→ **Prompt**
Images excepted, the data below must be repeated exactly.

(Excerpts from a dataset)
-=-=-=-=-

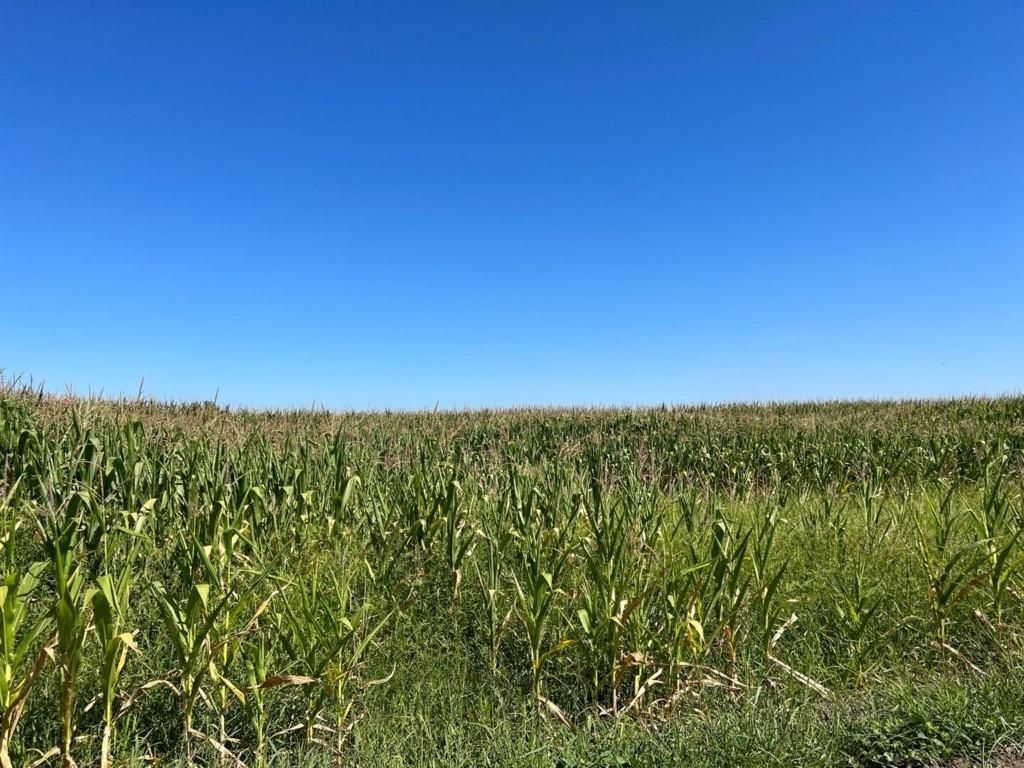 20444 S Lammers Road, Tracy, CA 95304 Main Photo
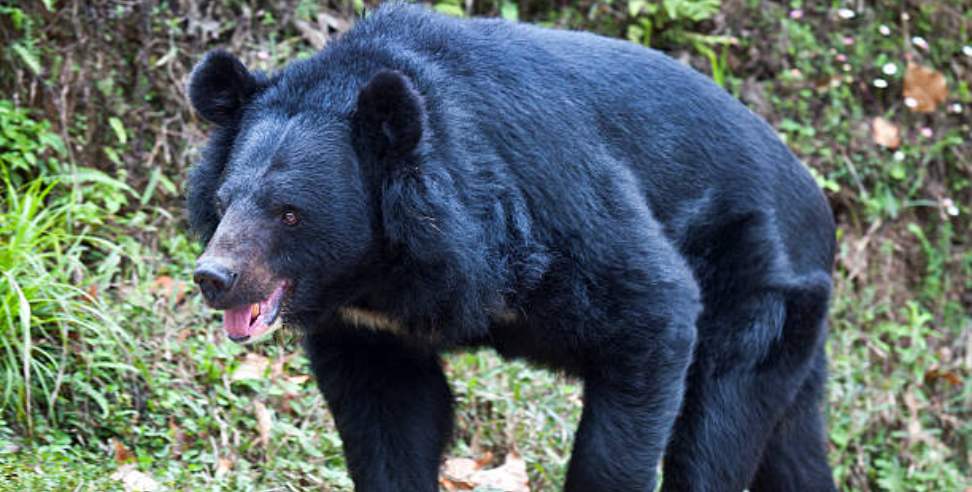 Bear attack: Two youths preparing for Agniveer were attacked by bear
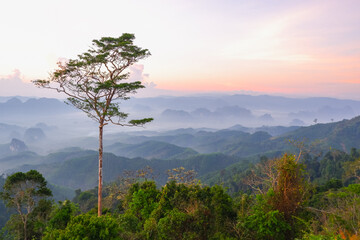 Doi Ta Pang (khao thalu) Chumphon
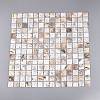 Natural Freshwater Shell Mosaic Tile Cabochons SHEL-Q029-05A-3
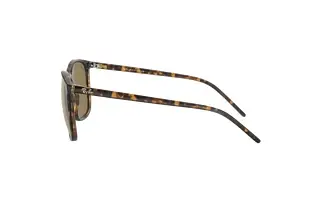 Seitenansicht Ray-Ban RB4387 (710/73)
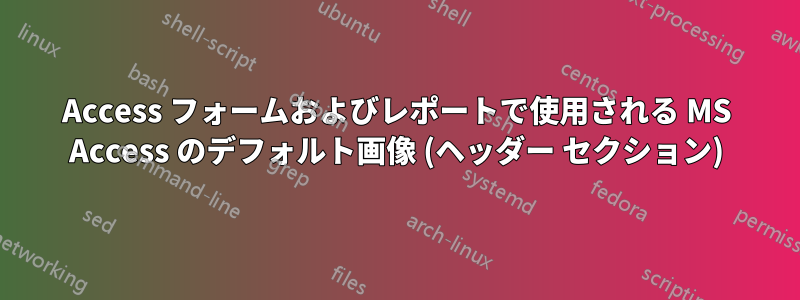 Access フォームおよびレポートで使用される MS Access のデフォルト画像 (ヘッダー セクション)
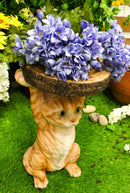 Feline Orange Tabby Cat Kitten Holding Faux Wood Slice Table Stand Figurine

-=-=-=-=-

→ **Solved exercise**
 20444 S Lammers Road, Tracy, CA 95304 Main Photo
 Bear attack: Two youths preparing for Agniveer were attacked by bear
 Doi Ta Pang (khao thalu) Chumphon
 Natural Freshwater Shell Mosaic Tile Cabochons SHEL-Q029-05A-3
 Seitenansicht Ray-Ban RB4387 (710/73)
 Access フォームおよびレポートで使用される MS Access のデフォルト画像 (ヘッダー セクション)
 Feline Orange Tabby Cat Kitten Holding Faux Wood Slice Table Stand Figurine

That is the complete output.